Business North West

I popped into Business North West at G-Mex earlier today. It was OK, I suppose, but with the pride of a native Mancunian I had hoped for something like Venturefest on steroids and it was nothing like that. Venturefest attracts most of the big law firms and patent agents in Yorkshire. The IP Office was at Business North West as were Ralli solicitors. Aaron are advertised as exhibitors on the show's website though I never found them. And that was about it from the law. I didn't spot any patent or trade mark agents there either as exhibitors or visitors. For a show that is supposed to be about branding, design, innovation, investment, the absence of most of the North West intellectual property community says a lot. Most of the other exhibitors were firms I had never heard of.

Some good speakers have been advertised.    Stephen Haines of Facebook might have been worth hearing but he was on at 08:30 which is ridiculously early unless you live or staying nearby since Manchester traffic is so bad that you have to allow at least an extra hour for traffic at that hour of the morning. They really do need a congesiton charge in that city but I saw vote no signs everywhere including Business North West's website.

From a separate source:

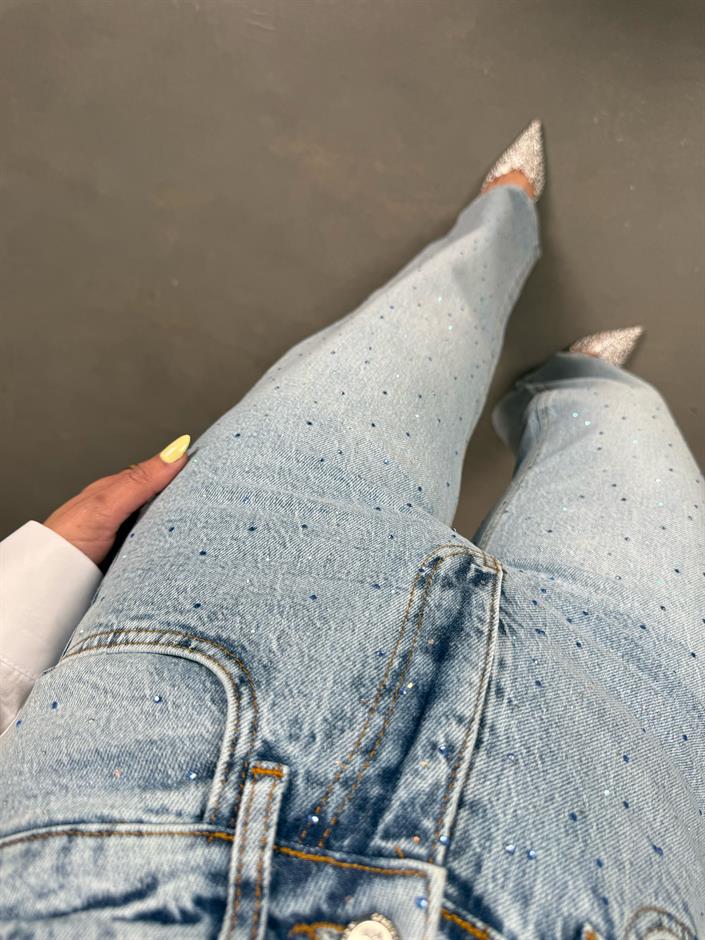 Mavi Taşlı Yıkamalı Jean Gaus00085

Max Clifford is taking the same slot on Thursday.   I would have heard him had be spoken at a reasonable time but he is not worth a 2 hour battle with traffic. G-Mex (or Manchester Central as they like to call it nowadays) is probably not the best venue for an event of this kind. The G-Mex car park was full when I called in and the Watson Street car park had a problem with its exit barriers which held me back a full 25 minutes.

There were a few stands that caught my attention. Top of my list was Crain's Manchester Business which has some good local business news. Armstrong Communications had some interesting technology and the Gaucho Grill was serving bife with wine from Mendoza.   Steve Kuncewicz had at least made an effort by displaying a one page glossy on IP on his firm's stand.   I am not sure that I agree with his assertion that 
"Against the background of the Credit Crucnch, the exploitation and protection of Intellectual Property Rights has never been more important and IP, IT and Media cases dominate the headlines every day."
Not the headlines of the papers I read, Steve.   When I went to the WIPO last month Francis Gurry reported a ownturn in Madrid applications and reported and feared a drop in PCT and Hague applications too.

Tomorrow was the day that I had intended to come but as I happened to have a free hour as a result of the last minute cancellation of the Enterprise Day at the Barnsley Digital Media Centre I thought I would have a quick look round.    I thank I saw just about everything in the 50 minutes that I was there.   Nothing that I saw has tempted me to come back.